Question

81. A 560-g squirrel with a surface area of 930cm2 falls from a 5.0-m tree to the ground. Estimate its terminal velocity. (Use a drag coefficient for a horizontal skydiver.) What will be the velocity of a 56-kg person hitting the ground, assuming no drag contribution in such a short distance?

Answer 1

Answer:

Explanation:

Given

mass of squirrel $m=560 gm$

Surface area of squirrel $A=930 cm^2$

and the area which face $A_f=\frac{A}{2}=465 cm^2$

height of tree $h=5 m$

Coefficient of drag $C=1$

drag Force $F_d=\frac{1}{2}C\cdot \rho \cdot A\cdot v^2$

Terminal velocity is given

$F_d=mg$

$\frac{1}{2}C\cdot \rho \cdot A\cdot v^2=mg$

$v=\sqrt{\frac{2\times m\times g}{\rho \times C\times A_f}}$

$v=\sqrt{\frac{2\times 0.560\times 9.8}{1.2\times 1\times 465\times 10^{-4}}}$

$v=13.9 m/s$

(b)Mass of person $m=56 kg$

$v^2-u^2=2gh$

$u=0$

$v=\sqrt{2gh}$

$v=\sqrt{2\times 9.8\times 5}$

$v=9.89 m/s$

Answer 2

Answer:

(a).
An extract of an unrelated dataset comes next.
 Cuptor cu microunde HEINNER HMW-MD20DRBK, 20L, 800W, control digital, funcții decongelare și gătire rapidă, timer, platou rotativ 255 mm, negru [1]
The terminal velocity is 9.83 m/s.

(b). The velocity is 9.9 m/s.

Explanation:

Given that,

Mass of squirrel = 560 g

Surface area = 930 cm²

Height = 5.0 m

Weight of person = 56 kg

We need to calculate the terminal velocity

Using formula of terminal velocity

$v_{t}=\sqrt{\dfrac{2mg}{\rho A C_{d}}}$

Where, A = area

$\rho$ = density

$C_{d}$ = drag coefficient

m = mass

Put the value into the formula

$v_{t}=\sqrt{\dfrac{2\times0.560\times9.8}{1.22\times0.093\times1}}$

$v_{t}=9.83\ m/s$

The terminal velocity is 9.83 m/s.

We need to calculate the velocity

Using equation of motion

$v^2=u^2+2gs$

Put the value into the formula

$v=\sqrt{2\times 9.8\times5}$

$v=9.9\ m/s$

Hence, (a). The terminal velocity is 9.83 m/s.

(b). The velocity is 9.9 m/s.